そんな忘れられない恋愛をしたのは、 もう10年も前のことになる。
私は高校1年生で、初めての彼氏ができた。 そして彼氏にとっても初めての彼女だった。
私達は二人揃って浮かれていた。 いつも幸せだった。
初めてのデート、嬉しくて保護したメール、親に早く寝なさいと怒られた夜の電話、何もかも鮮明に思い出せる。世の中で流行っている恋愛ソングの歌詞の意味が分かったような感じがした。
一気に大人になったような気持ちだった。
周りには早熟な友人もいたが、私達は比較的慎重であり、初めてのキスをするまで2ヶ月、セックスをするまで5ヶ月くらいかかった。
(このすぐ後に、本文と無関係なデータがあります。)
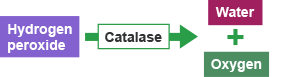 Flow chart that shows how hydrogen peroxide changes to water and oyxgen through a catalase.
異性とは体の作りが違うということ、かわいい下着をつけると喜んでくれること、こんな自分でも相手を喜ばせることができること、幸せな痛みがあること。
お互いに全てが初めて知ることだった。
公園でいちゃいちゃし、カラオケボックスの死角で店員にバレないようにセックスをする。お金がある日は少し広めの漫喫に行き、声を堪えながらセックスをする。
回数を重ねるごとに性的快感というものを知り、さらに相手に夢中になった。
もちろんセックスだけではなかった。
一緒に登下校をしたり、文化祭をまわったり、放課後プリクラを撮ったり、図書館で受験勉強をしたり、修学旅行では友達に冷やかされながら合流したりした。
友達とうまくいかない時、家族と喧嘩した時、勉強が伸び悩んでいる時、いつでもそばにいてくれた。
絵に描いたような青春時代を過ごした。
だがそんな私達にも終わりはやって来た。